One of today’s most acclaimed authors, Pat Conroy’s stories feature South Carolina settings that are as memorable and vivid as the characters who inhabit them. One of these is Daufuskie Island, an eight-square-mile sea island between Hilton Head Island and Savannah, Georgia. In his 1972 novel The Water is Wide, he calls the island “Yamacraw,” the fictional locale of Conroy’s real-life job teaching underprivileged children in a one-room schoolhouse. The basis for the film Conrack starring Jon Voight, the book depicts the Gullah culture still preserved on the remote island. Today, Daufuskie is home to picturesque golf courses and stunning vacation homes, as well as remnants of the island’s rich history – the 130-plus year-old First Union African Baptist Church, the 1800’s Haig Point and Bloody Point Lighthouses and the schoolhouse where Conroy taught. Accessible only by ferry, the island is best toured on foot or bicycle or by golf cart. Visit www.daufuskieislandrentals.com for more information.

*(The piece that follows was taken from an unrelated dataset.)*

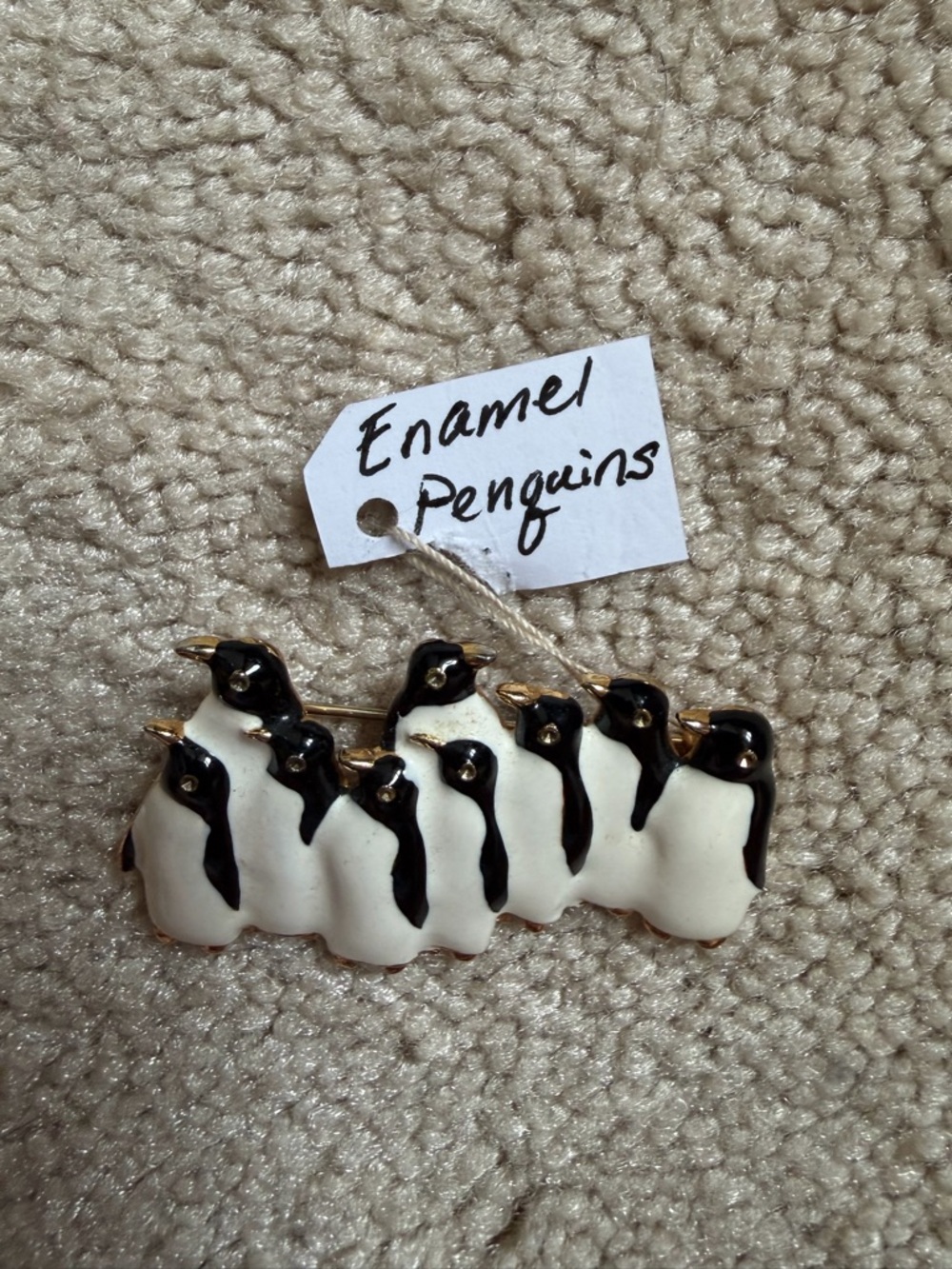 Enamel Penguin Row Brooch in Black and White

Daufuskie Island is just one of the sites Conroy weaves into his stories. The Citadel, called “South Carolina Military Institute” in The Lords of Discipline, is a Charleston landmark dating to 1842. Today, it admits some 2,000 students to its corps of cadets. Select Friday afternoon visits provide a firsthand view of the pageantry and precision of the military parades Conroy describes. Go to www.citadel.edu for a parade schedule and other visitor information.
Nearby, get a glimpse of the “Colleton” Conroy tells of in his most famous work, The Prince of Tides. Find inspiration at the Great Swamp Sanctuary in Walterboro, at the heart of Colleton County. This 842-acre preserve affords up close encounters with diverse wildlife including wild turkeys, deer, waterfowl and songbirds as you hike, bike or explore by canoe or kayak. One of its paths even follows a stagecoach road dating to the colonial era. Details are available at www.walterboro.org.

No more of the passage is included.